“I can’t believe we’re doing this. It’s a long way to go to prove a point.” This “way,” for American filmmaker Gil Kofman, is long in more ways than one. At this particular moment, near the end of the documentary Unmade in China, Kofman is en route to Xiamen, China, again, where he hopes to discover that the project he began to film and didn’t quite complete is, in fact, available. By which he means, pirated.
The story of how Gil Kofman comes to be filming in China is at once antic and instructive, a saga of frustration and perseverance, business and government. He knows what he’s doing, Kofman assures you at film’s start, having made an indie thriller called The Memory Thief in the States. When the American financing for his next film, “iCapture” — based on a true story, the “Lonelygirl15” internet hoax, enhanced to include a murder and cover-ups — he’s confident enough to take a risk. Offered a chance to shoot the film in China, Gil says okay, then invites Tanner King Barkow to shoot the shoot.
The journey from a film’s origins to its end is often long and never straight, of course, but Unmade in China — conjured amid its own set of circumstances — follows an especially circuitous route, from a title change (to Case Sensitive) to a series of efforts to “reinvent it culturally.” From the start, expectations vary. Producer Seth Sher guesses the process will be smooth enough: the story is “malleable,” he says, “You could change it, you know, for China.” (That Sher appears here in a New York barbershop chair having his bald head trimmed, becomes something of a running joke in the film, as he appears again and again in other, Chinese, barbershop chairs: his routine, his attention to his head, remains in place, no matter the chaos that might spring up around him.) But writer George Richards worries, just a little, that the translation might be a little more complicated, beginning with the premise, “such an American pop culture thing: that was my original concern, how are we going to make this work in China?”
It’s a question worth asking, amid today’s frequently celebratory accounts of global entertainment. But even if expanding markets equal endless profits, Unmade in China at least gestures toward the question of other costs, for instance, what’s lost in unmaking a film in order to make money? As the Americans learn almost as soon as they land in Xianmen, none of their ideas is understood as necessary; the first scene in the Chinese rewrite takes place on a beach, though, as Richards observes, there was no beach in his urban-set script. In fact, he says, the revisions process in China sort of begins like the one in US, with “dumb notes” from producers; in China, however, the notes aren’t suggestions. They lead directly to what’s called the “seventh edit,” in which the script is transformed utterly, to accommodate (if not precisely anticipate) location, costume, and casting decisions made by the Chinese producers.
As Case Sensitive changes shape, seemingly by the hour, Unmade in China assembles its own plot, mostly built on Gil’s observations to Barkow’s camera in China, as well as some inserts that look more like a standup comedy routine, Gil with a microphone cracking jokes for an off-screen audience. Recalling the structure of another documentary about translating an American product for another audience, Exporting Raymond, this business both trivializes and complicates the shifting relationships between subjects and filmmakers, with producers included, in this case, in both categories.

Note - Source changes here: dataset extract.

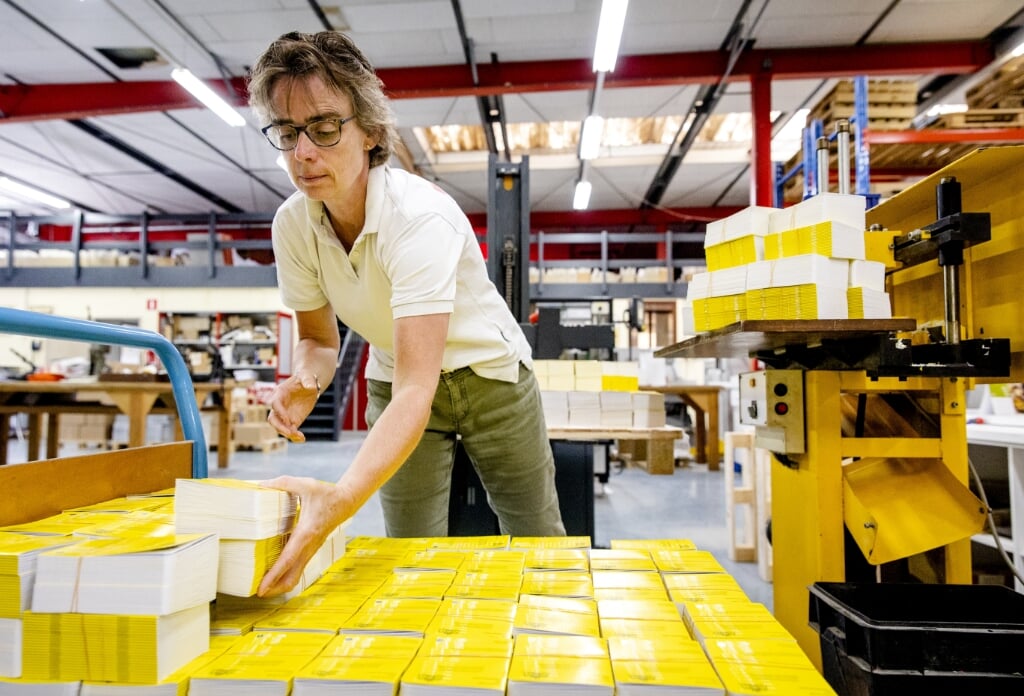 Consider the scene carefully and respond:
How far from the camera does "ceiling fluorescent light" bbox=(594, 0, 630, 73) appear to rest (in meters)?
4.40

In part, these complications are a function of numbers: Unmade in China involves layers of project and makers, in collusion, in hierarchies, and in conflict. But they’re also a matter of communication, expectations, and stubbornness, on all sides. If Unmade in China focuses on the experience of The Gll and his English-speaking cohorts — out of convenience as much as thematic (that is, “fish out of water”) interest — it also indicates other experiences, those of the many other subjects appear quite aware of the camera, and, even as their comments remain untranslated here, more or less determined to do their jobs, from toasting to success at dinners with government officials or planning around construction noise on locations.
That said, the film makes particular jokes of a couple of people, a scheduler who looks alone and confused in the few moments she appears on screen and the script supervisor Will Boo, whom Gil takes to be a spy for the producers, or at least someone who has his job only because he’s related to a “head woman.” (You know, like they do in Hollywood.) Deeming Will Boo “the bane of my existence,” Gil sees him as one of many duplicitous officials on and off set. “That’s corruption,” asserts Gil, “When you know they’re lying to you, but you don’t want to say it.”
Will Boo has much the same idea about the Americans. “Firstly,” he says, “I don’t trust the people who live in bourgeois lifestyle, coming from Beverly Hills, and I don’t trust the vegetarian, you know. I just don’t trust them because they never could understand a different culture.” With his observations constituting a flipside of Gil’s, the film offers another view of the long way both men are taking, whether or not either might “prove a point.” And so, even as the documentary welcomes a Western audience who will get the jokey disparaging of the Chinese industry’s dishonesty and incompetence as such, it also alludes to broader industry corruptions, elsewhere and everywhere.